Già, ma che fare dopo l'apertura di una delle tre buste «a sorpresa»? Nella maggior parte dei casi i ragazzi si sono paralizzati davanti ai fari accessi dai docenti, mentre questi ultimi non sapevano esattamente quale manovra effettuare.
Ne sono scaturite traettorie tragicomiche che - al di là delle ottime intenzioni di chi ha ri-ri-riformato la Maturità - necessitano di sostanziali aggiustamenti.
Intendiamoci: l'idea di sottrarre il colloquio orale al monopolio sterile dello schema domanda-risposta è apprezzabile, ma sostituire completamente le interrogazioni vecchio stile con non meglio precisati «materiali di spunto» è sbagliata. Le domande rappresentano il senso più profondo dell'evoluzione umana. Senza domande non avremmo avuto le risposte che ci hanno regalato il progresso. Rinunciare alle domande equivale a rinunciare a noi stessi; soprattutto quando - in alternativa alle «superate» interrogazioni - dai vertici ministeriali giungono opzioni vaghe e confuse.
Il Miur nei giorni scorsi ha messo in rete un video «chiarificatore» che è lo specchio di un burocratismo progettuale (e sintattico) ancora - purtroppo - imperante: «Le buste per la prova orale non conterranno domande, ma testi, documenti, esperienze o problemi.
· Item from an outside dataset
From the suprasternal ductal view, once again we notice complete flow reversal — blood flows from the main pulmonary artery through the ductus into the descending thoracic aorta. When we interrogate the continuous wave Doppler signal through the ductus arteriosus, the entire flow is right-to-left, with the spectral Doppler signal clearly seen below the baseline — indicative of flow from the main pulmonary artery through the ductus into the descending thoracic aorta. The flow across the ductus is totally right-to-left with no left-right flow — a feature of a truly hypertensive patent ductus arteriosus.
Seguirà un momento in cui il candidato parlerà delle competenze trasversali e dell'orientamento. Il colloquio proseguirà sui temi di Cittadinanza e Costituzione e si concluderà con un discorso sulle prove scritte». Un messaggio che - secondo gli esperti del ministro Bussetti, diplomato Isef - doveva servire a chiarirci le idee, ma che invece ce le hanno maledettamente confuse. L'unica frase di lineare comprensione è: «il colloquio si concluderà con un discorso sulle prove scritte». Per il resto siamo nel marasma assoluto.
Ieri a rimanere perplessi dinanzi ai contenuti delle buste «1», «2», «3» erano tanto i maturandi quanto i commissari d'esame.
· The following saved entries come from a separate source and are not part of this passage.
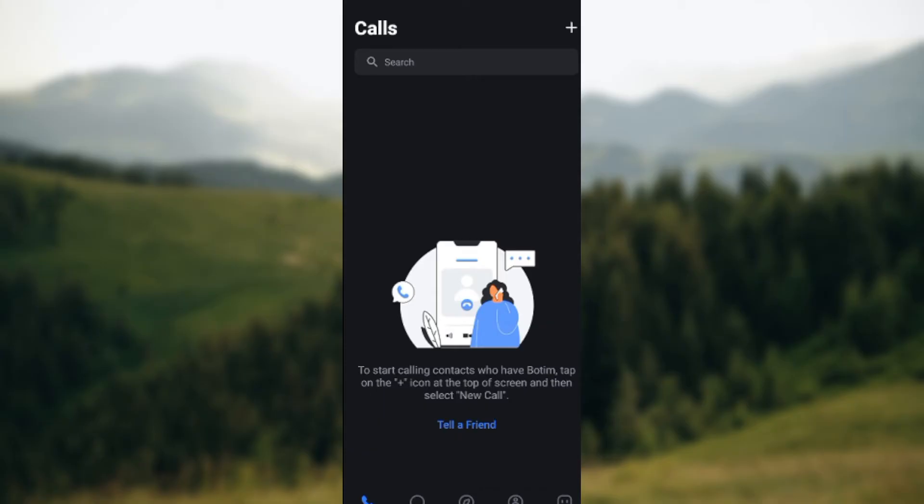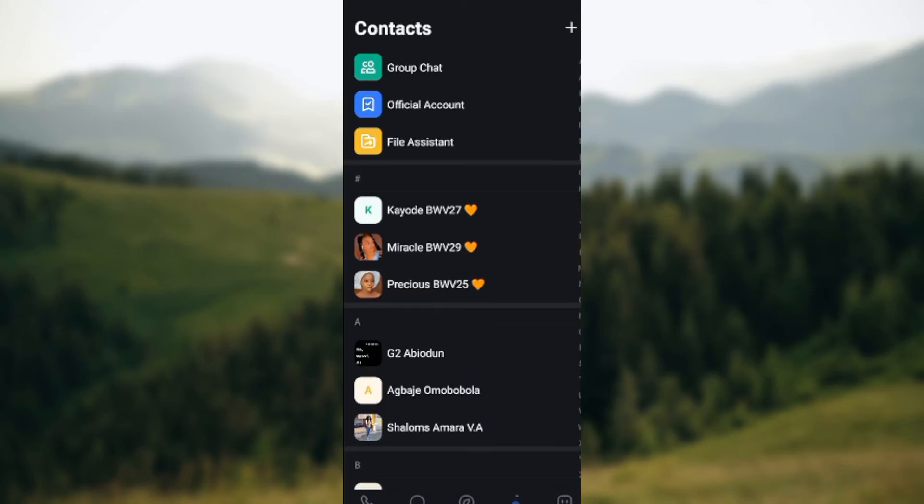Now on this page, look at the lower part of the screen where you see some icons such as the Calls icon, the Chat icon, Explore, Contacts, and the Me icon. Just go ahead and click on Contacts. Once you've clicked on Contacts, you'll be taken to the Contacts page.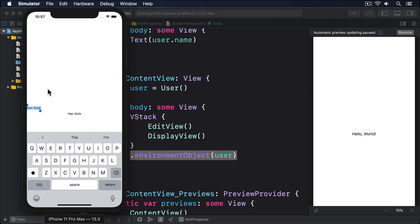You might wonder how SwiftUI makes a connection between environmentObject(user) and @EnvironmentObject var user: User — how does it know to place that object into the correct property? Well, you've seen how dictionaries let us use one type for the key and another type for the value. The environment effectively lets us use data types themselves as the key and an instance of the type as the value. This is a bit mind-bending at first, but imagine it like this: the keys are things like Int, String and Bool, with the values being things like 5, "hello" and true. Which means we can say "give me the Int" and we'd get back 5.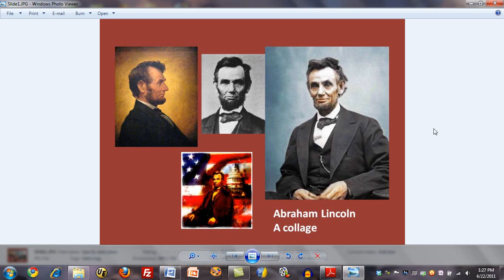There's an assignment, Project 2.2, in the CSE 200 class, in which you're required to do this. And this little video is the step-by-step process by which you accomplish that.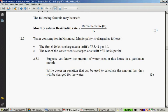So, question 2.5: Water consumption in Msunduzi municipality is charged as follows. The first 6.2 kiloliters is charged at a tariff of R5.24 per kiloliter. The rest of the water is charged at a tariff of R10.94 per kiloliter. Suppose you know the amount of water used at a house in a particular month — write down an equation that can be used to calculate the amount they will be charged for water.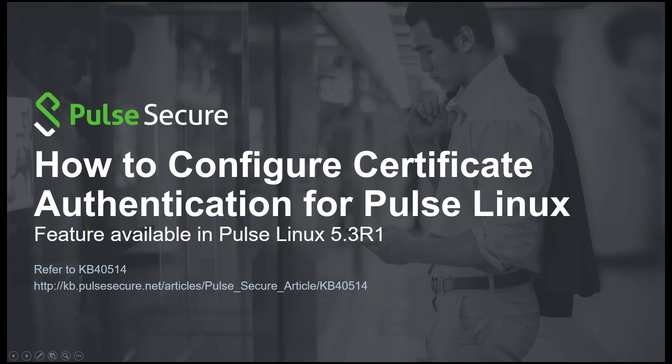This article provides the steps to configure certificate authentication with Pulse for Linux. Refer to KB40514 at kb.pulsesecure.net for the text version of this video.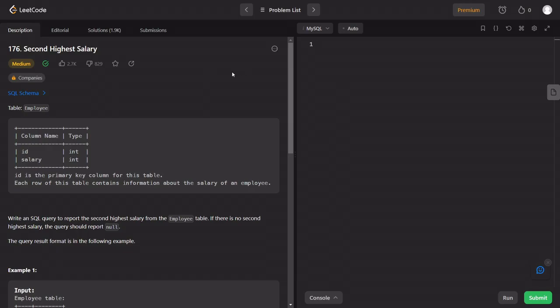Hello guys, welcome to this video. Let's talk about a SQL problem in this video. Let's talk about the database. If you are preparing for placement, you will need to use the database.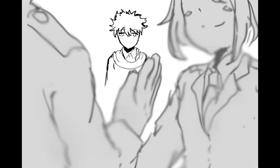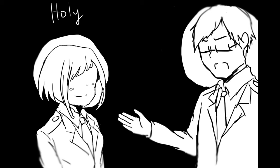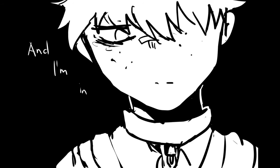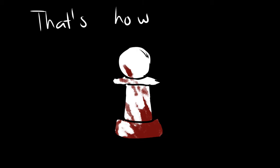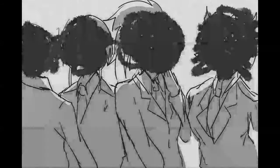When I'm dead, I won't join their ranks, cause they are both holy and free. I'm in Ohio, satanic and chained up, and until the end, that's how it'll be. I said,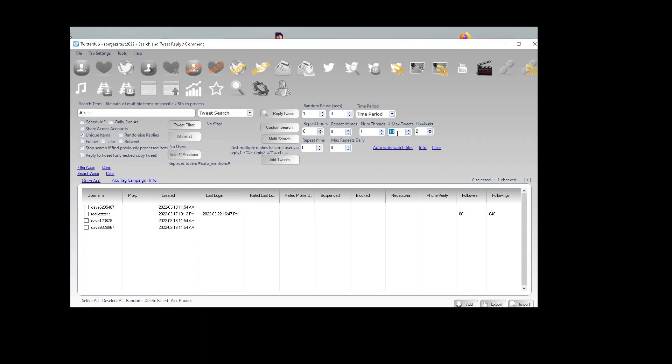You got the pre-actions: follow, like, retweet. You know, all the same as the other actions. And that's it, really. If you have any questions on this functionality, please come to the forum: rootjazz.com/forum. Hope you found this tutorial useful.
Tra le prove orali cui abbiamo assistito davvero in pochi casi esaminatori ed esaminati sono riusciti a realizzare l'obiettivo della riforma. Va detto però che, quando il miracolo della prova orale «interattiva» si compie, lo spettacolo è davvero gratificante: sia per i candidati, sia per gli esaminatori.
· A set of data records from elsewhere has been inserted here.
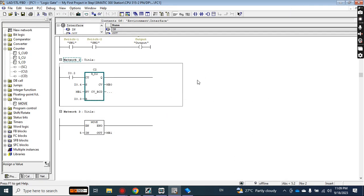Next time I will discuss the down counter, and then combine up and down counters together to cover everything about counters. I hope you liked the video — if so, please don't forget to subscribe to the channel. Also go through the channel to watch previous videos on bit logic and comparator operations. Thank you very much, take care of yourself, and see you next time. Bye bye.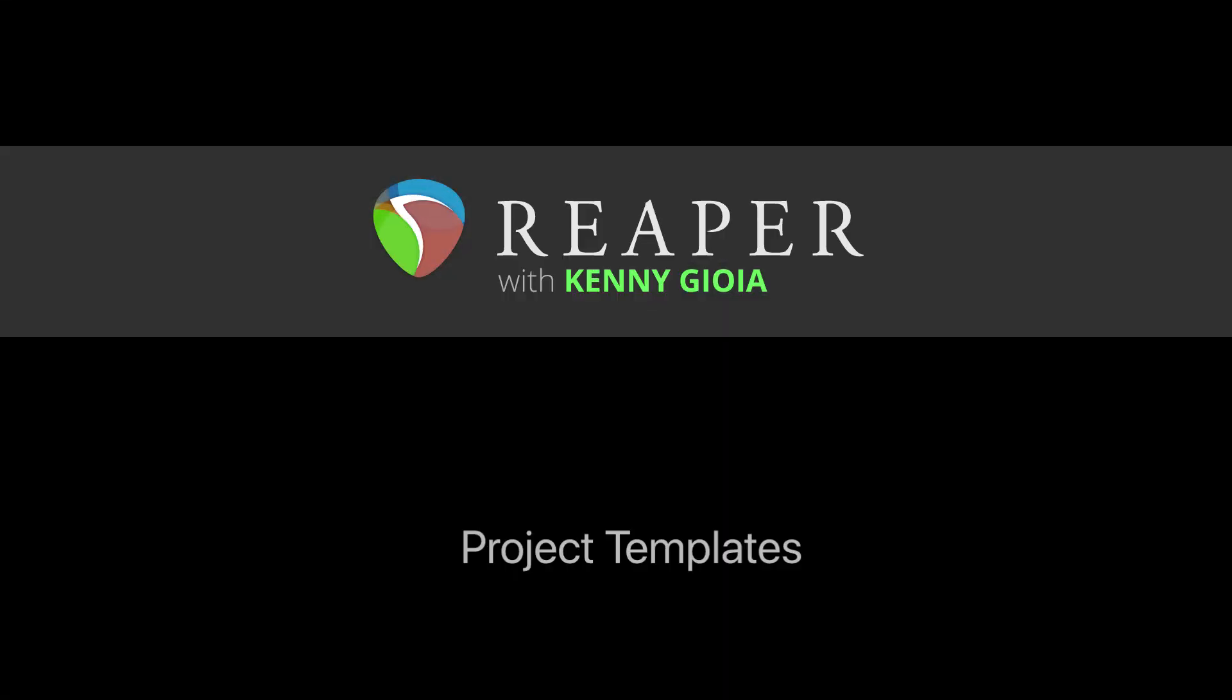So that's pretty much it. That's how to use project templates in Reaper. I hope you learned something, hope you can use it, and I'll see you next time. Thanks.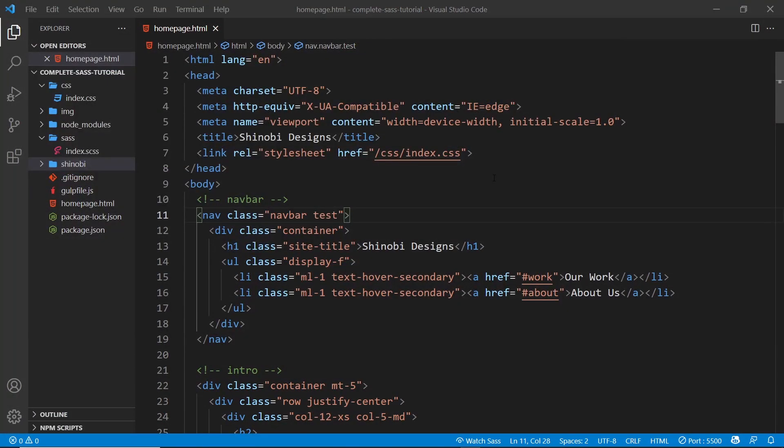Alright then, my friends, so that is pretty much it for this series. You now have built your very own CSS library called Shinobi. Now if you wanted to take this and extend it yourself, add more components, you can do that. It's dead simple to do.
Partire da una foto o da una citazione per fare un discorso complessivo trovando relazioni tra varie materie è una scommessa avvincente che presuppone docenti motivati e studenti appassionati.
E la scuola italiana, pur tra le sue mille difficoltà, ha sia gli uni che gli altri. È da questo patrimonio che bisogna ricominciare per una Maturità che renda davvero tutti più maturi.Magari senza «vietare» ai docenti il diritto-dovere di porre domande. Possibilmente intelligenti.